Education Can Shape the Future Long Before It Happens.

By April 16, 2015December 30th, 2021No Comments
Our personal and professional hopes for shaping our future and the futures of our students is at the center of education. As Dr. John A. Stoops, the founder of the Middle States Commission on Elementary Schools reminds us “everything that looks to the future elevates human nature.” A reminder of the words of the German poet, Ranier Rilke that “the future enters into us, in order to transform itself in us, long before it happens.” And the same can be said of our students and our schools.
As individuals and as educators we share many desired futures such as peace, love, life, justice and self-realization. Education is the means we use to awaken these personal desires in our students, striving for the common good and reaching consensus on a preferred future.
The efficiency of a learning community in encouraging the best from every member of the community, by generating ownership, commitment, consensus can be enhanced by an accreditation process that results in realistic actions leading to the attainment of the preferred future and the benefit of the entire school community.

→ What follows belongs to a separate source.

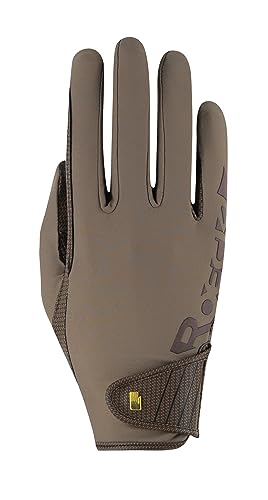 Roeckl Sports Reithandschuh MUENSTER, Turnier Sommer Handschuh, Dunkel Taupe 9 Roeckl Sports Reithandschuh MUENSTER, Turnier Sommer Handschuh, Dunkel Taupe 9 von Roeckl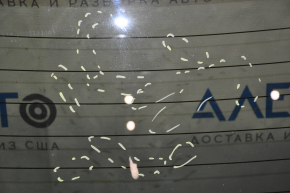 Rear glass of the trunk door Dodge Journey 11-17 FUYAO, tinted, minor scratches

But why is this so important?
While a desired future is expressed in every schools’ mission, bringing about and enjoying the realities which we desire and believe in is the real challenge. Having worked in and with faith-based schools for thirty years I have learned the importance of the mission to a school’s success and the challenges they face in fulfilling it. The challenge is using the mission as the guiding principle for the day to day operations of the school. For faith based schools this included recognizing our dignity as the sons and daughters of one Father, the implications of our faith for our lives and the lives of others.
Many modern day prophets like Martin Luther King, Dorothy Day and most recently Pope Francis have shared with us the desired future inside themselves. They consistently worked towards it and fervently believe that it will be a reality. Every educator needs to demonstrate that level of commitment to themselves and the schools they serve so that the schools’ desired future can also become a reality.
For many schools that I am working with the Middle States accreditation process closes the gap between creating the mission, navigating current realities, and progressing towards attaining a desired future. It is a means to ensuring that the future we desire will become a reality for our schools and our students “long before it happens”.